Доедет поезд, быстро разойдёмся
по сторонам - ну, что ж, - дорожный случай.
Друзьям расскажем, даже посмеемся,
что от судьбы такой был шанс получен,
но упустил... Так может, незнакомка,
решим судьбу - изменим ход событий,
пока несёмся мы незримо и негромко,
пока не объявили час прибытья?
Апрель, 1993
НА ПОРОГЕ
Я в город вернулся
родной и знакомый.
Давно я здесь не был -
три долгих сезона:
сезон пробуждений,
сезон воздержаний,
и целый сезон
исполненья желаний.
Я долго тут не был -
похоже три века.
По свету скитаясь,
искал человека,
кого потерял я
в сезон зарожденья.
А позже, что было -
одно наважденье.
С тех пор я скитался.
Я думал, что с целью.
Но внутренний мир свой
не смог сделать целым.
Века пролетали,
как мчатся секунды.
И рифмы слагались
коряво и скудно.
Я был не согласен.
Я бился - но тщетно.
Порой наполнялся
не тем, правда, чем-то.
И всё же я шёл,
не теряя надежды,
но песни слагались
иные, чем прежде.
Однажды зимою
я сбился с дороги,
почти отморозил
и душу и ноги,
Не помню, как выбрался
я к полустанку.
Запомнил лишь ложки
в гранёных стаканах.
Я утром проснулся
от солнца в окошке
и я потянулся
спросонок немножко.
За многие годы,
возможно, впервые
вскочил я с постели
в безумном порыве.
Сошел я с вагона
и чиркнула спичка.
Дымок папиросы,
гудок электрички,
И люди, и звуки,
и запахи даже -
мне всё говорило:
я был здесь однажды.
Я в город вернулся
до боли знакомый,
где память тревожит
вид каждого дома -
и сердце забилось,
расслабились руки.
Уже ль завершилась
эпоха разлуки?
Август, 1998
УЗДА
Пилёж - любимое слово байдарочника.
Я тебя провожал.
Я встречал поезда.
Я б и сам убежал,
только держит узда.
Только в доме моём
всё в тоске и в пыли.
Жаль, что снова вдвоём
нам с тобой не пилить.
Не "пилите" меня -
я и так сам не свой.
Дождик гонит, звеня,
пожелтевшей листвой.
Покрывает ледком
лужи утром мороз.
И под ложечкой - ком.
А в душе - море роз.
Розовеют снега.
Прилетает апрель.
Догорает слега -
закрывается дверь.
И опять поезда
улетают в полёт.
Но всё та же узда
мне взлететь не даёт.
К чёрту!

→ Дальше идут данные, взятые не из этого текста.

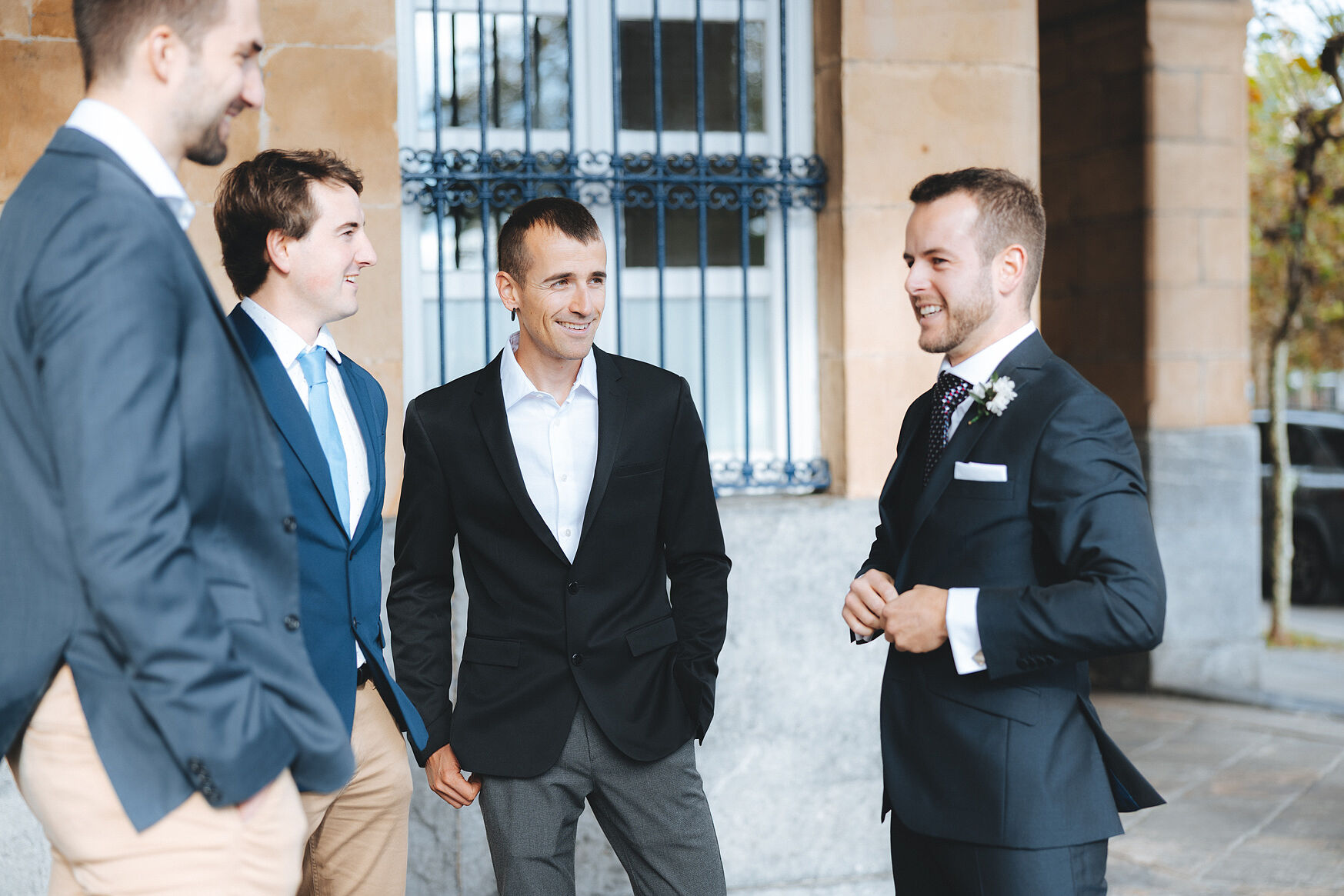 Wedding photography. Groom waiting for bride at Portugalete Town Hall.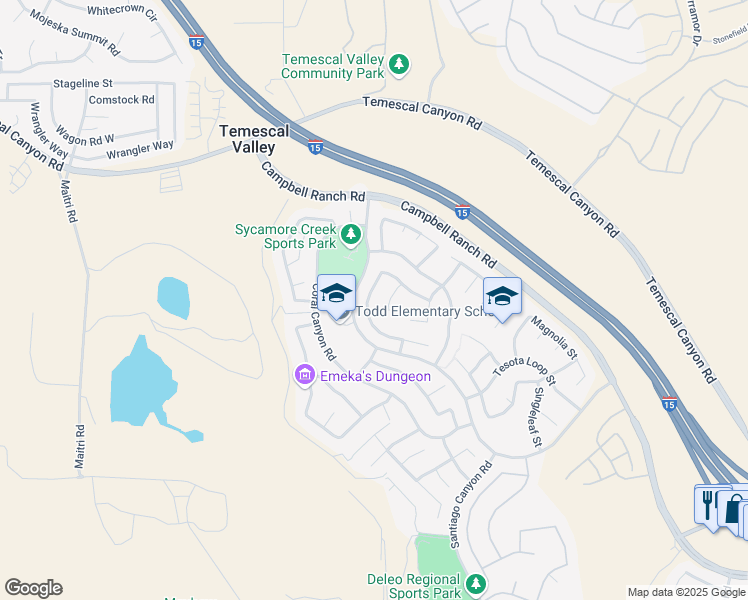map of restaurants, bars, coffee shops, grocery stores, and more near 25010 Cliffrose Street in Corona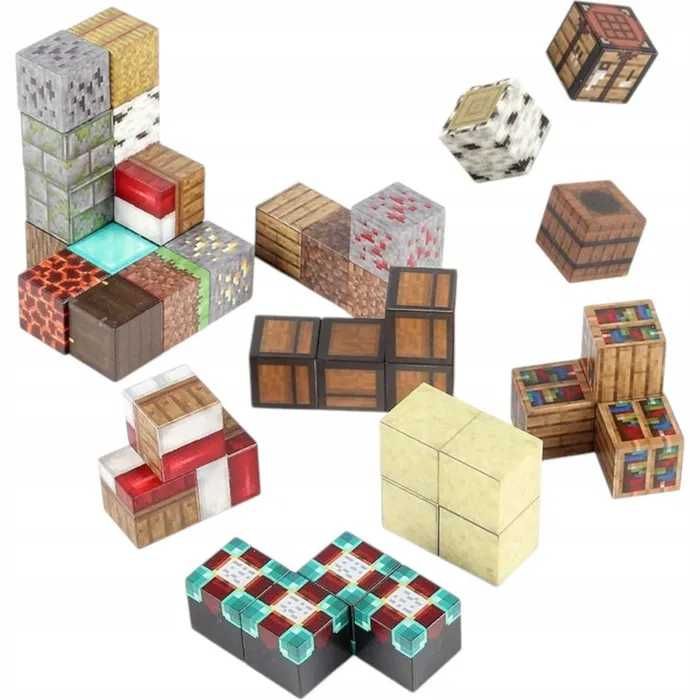 Klocki Magnetyczne MINECRAFT Sześciany 100 Elementów Piksele 6 Figurek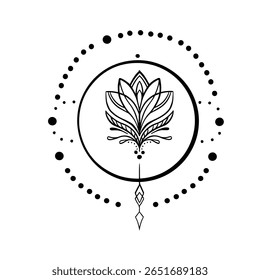 round ethnic minimalistic vector tattoo blossom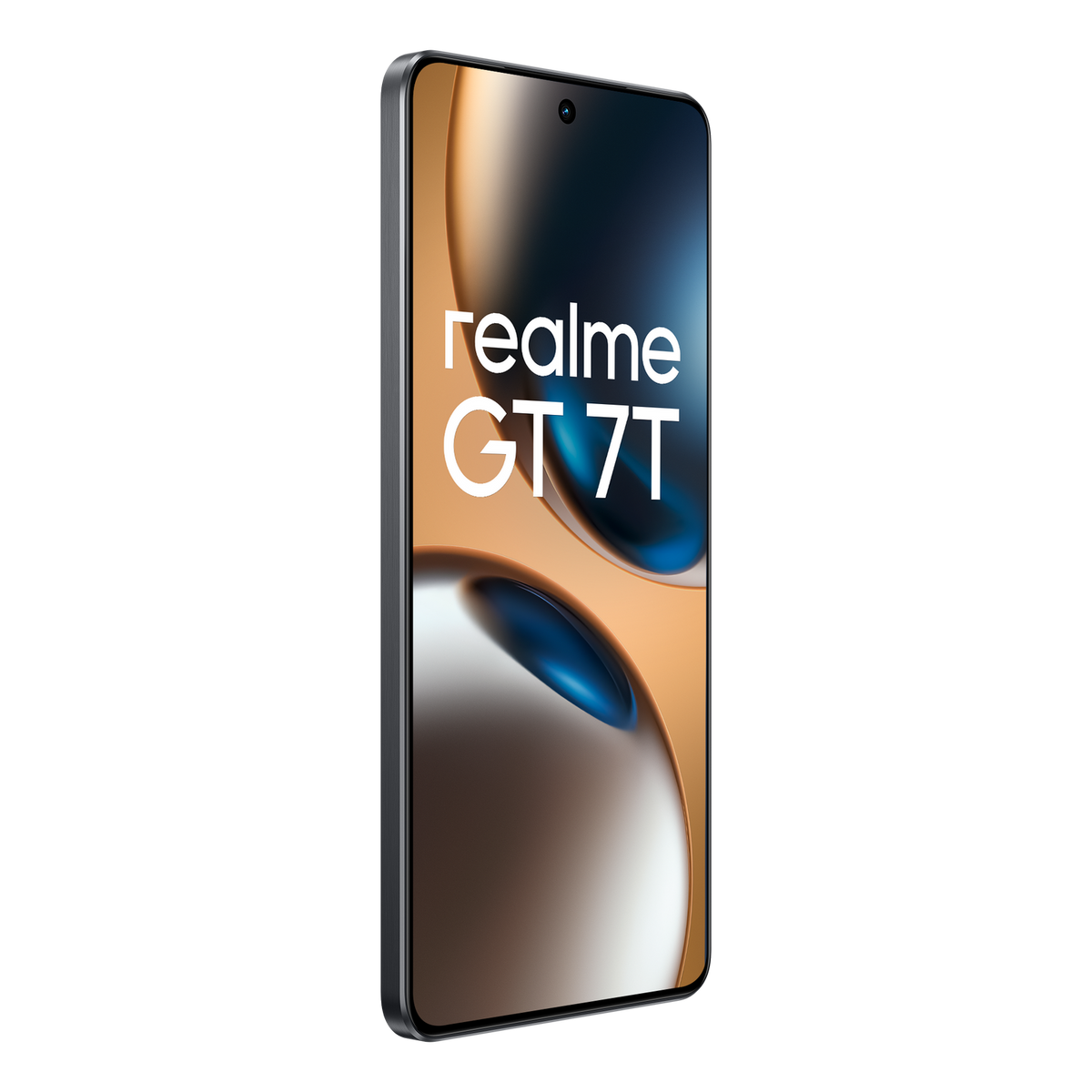 Czarny smartfon, realme GT 7T, widok pod kątem. Biały tekst na ekranie. Czarne tło.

Хватит забот.
Подождут все дела.
И рвану я вперёд,
закусив удила.
И в последний вагон
я вскочу на ходу.
Грудь сжигает огонь -
я тебя там найду.
Март, 1997
РАЗМЫШЛЕНИЯ В МЕТРО
Может быть мне это кажется,...
КАРТИНА
детская считалочка
На стене висит картина,
за окном растет рябина,
над рябиной клетка неба,
я сижу и стражду хлеба.
На полу со стёртым лаком
в полусне лежит собака.
Над собакой сверху крыша,
а в подвале рыщут мыши.
Высоко над крышей - птица,
вряд ли грач, скорей - синица.
А под ней бежит дорога,
и людей совсем немного.
Женщина в модняцкой шляпке
что-то прёт в огромной папке
и, в преддверьи скорой ночи,
дотащить быстрее хочет.
В этой папке, между прочим,
интересное всё очень.
Среди прочего картина:
"За окном растет рябина.
На полу со стёртым лаком,
развалясь лежит собака,
доедает кусок хлеба ..."
(Тот, что съесть хотелось мне бы.)
В звёздном небе та же птица.
Ну, а мне опять не спится.
А в глазах опять картина:
за окном растет рябина...
Сентябрь, 1994
ЗАРИСОВКА
Футбольный мяч в окно влетел со звоном,
и врассыпную разбежались дети.
Приемник на столе ревел Кобзоном.
И в салочки играл с листвою ветер.
По улице проехала машина
и окатила тротуар водой из бака.
В лучах заката вспыхнула витрина.
Проснулась и залаяла собака.
А за окном уже темнело небо,
и мяч в углу валялся беспризорный.
Кончался день, который был... (иль не был).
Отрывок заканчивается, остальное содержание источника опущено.